=== Section Start ===

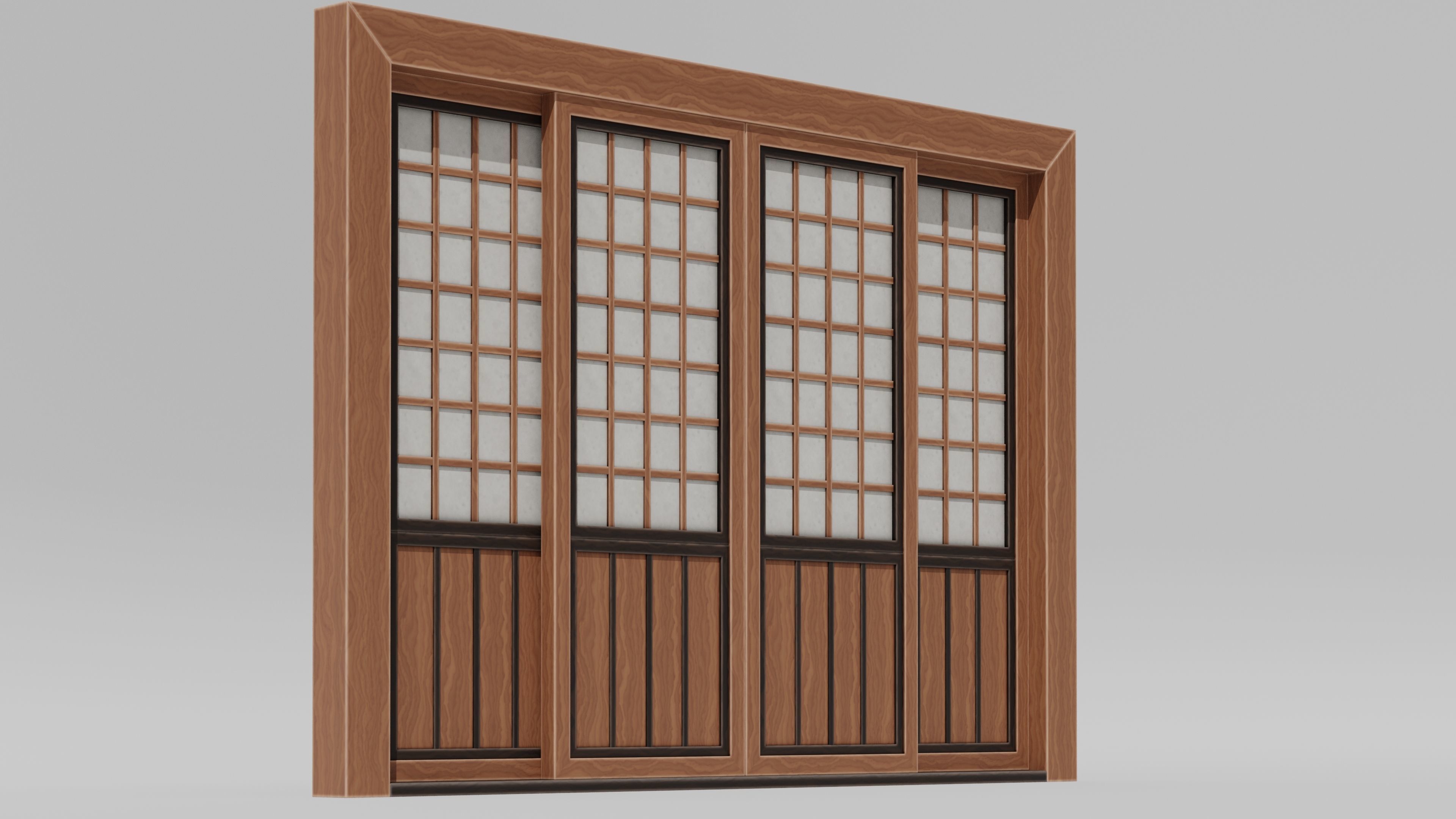 Japanese Furniture Kit - Sliding Door Low-poly 3D model_3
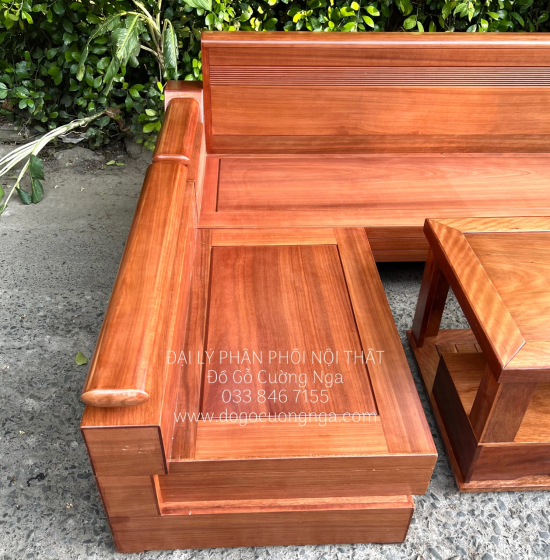 Bàn Ghế Sofa Gỗ Đinh Hương Góc L 2m1x1m6 - Tựa Cong 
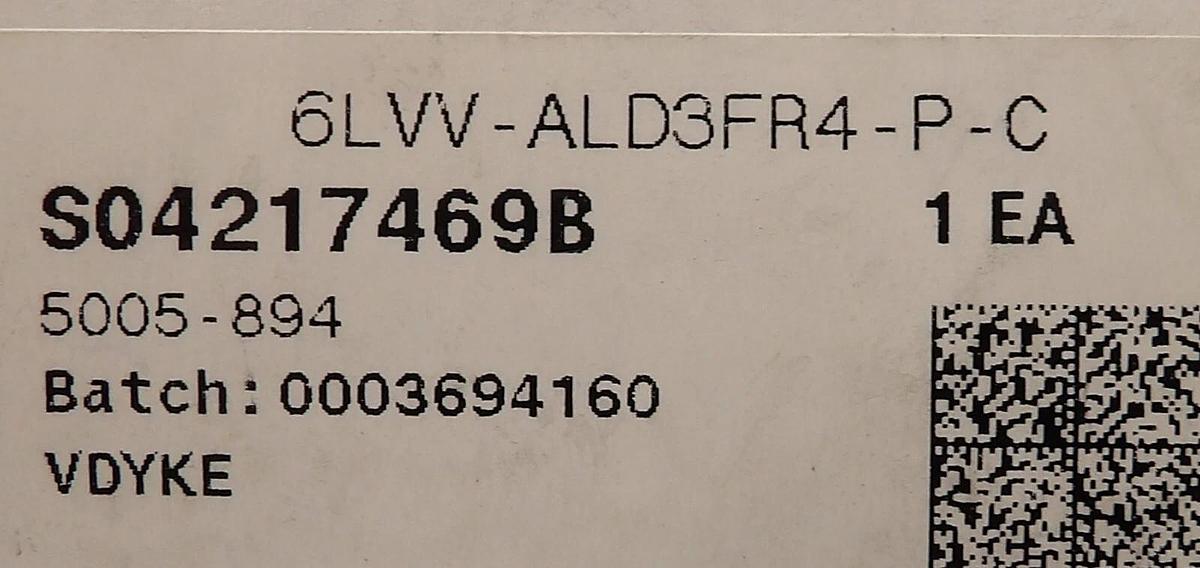 Used Swagelok 6LW-ALD3FR4-P-C 2-Port Diaphragm Valve ALD3 Series New Surplus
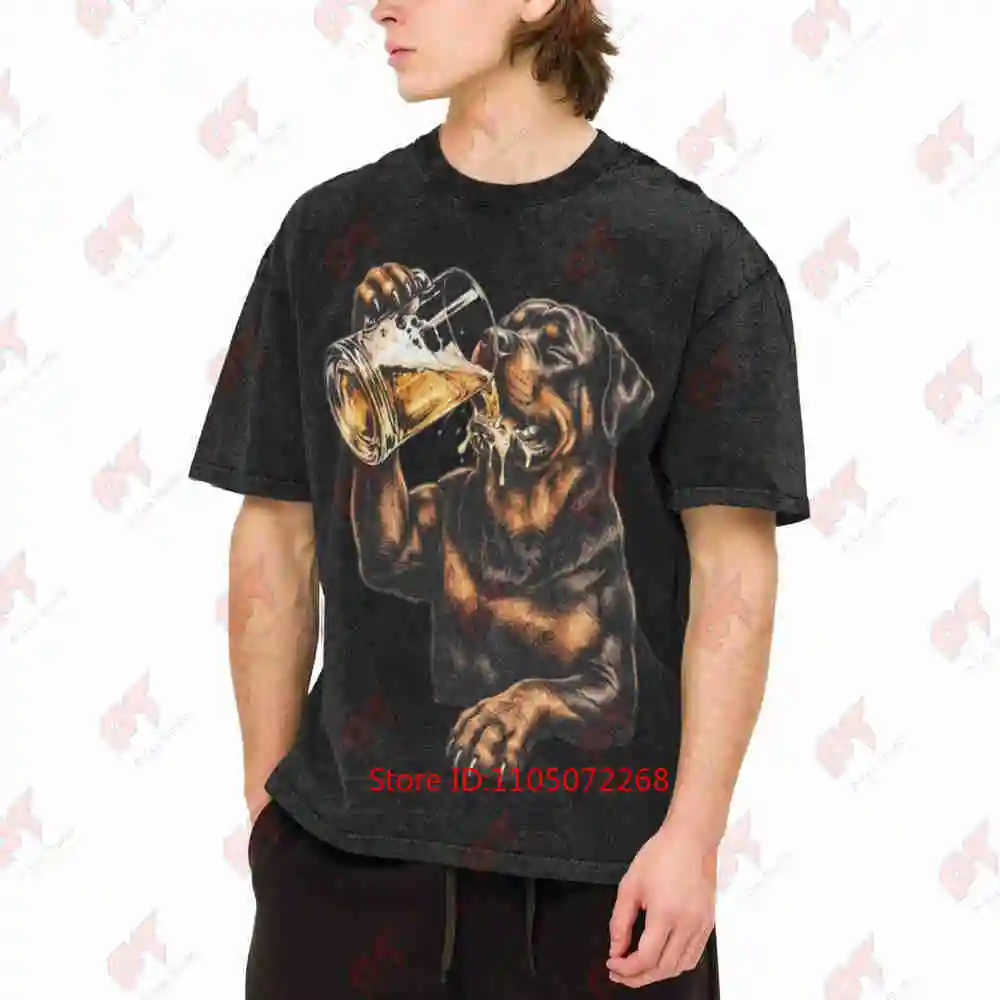 Rottweiler Beer Retro Dog Lovers Vintage Washed Tee Pure Cotton T-Shirt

=== Section End ===

- **TRY IT**: Starting at the line that contains "Bàn Ghế Sofa", restate each line verbatim through the final line of the listing, skipping all pictures.

- **OUTPUT OF THE TASK**:
 Bàn Ghế Sofa Gỗ Đinh Hương Góc L 2m1x1m6 - Tựa Cong 
 Used Swagelok 6LW-ALD3FR4-P-C 2-Port Diaphragm Valve ALD3 Series New Surplus
 Rottweiler Beer Retro Dog Lovers Vintage Washed Tee Pure Cotton T-Shirt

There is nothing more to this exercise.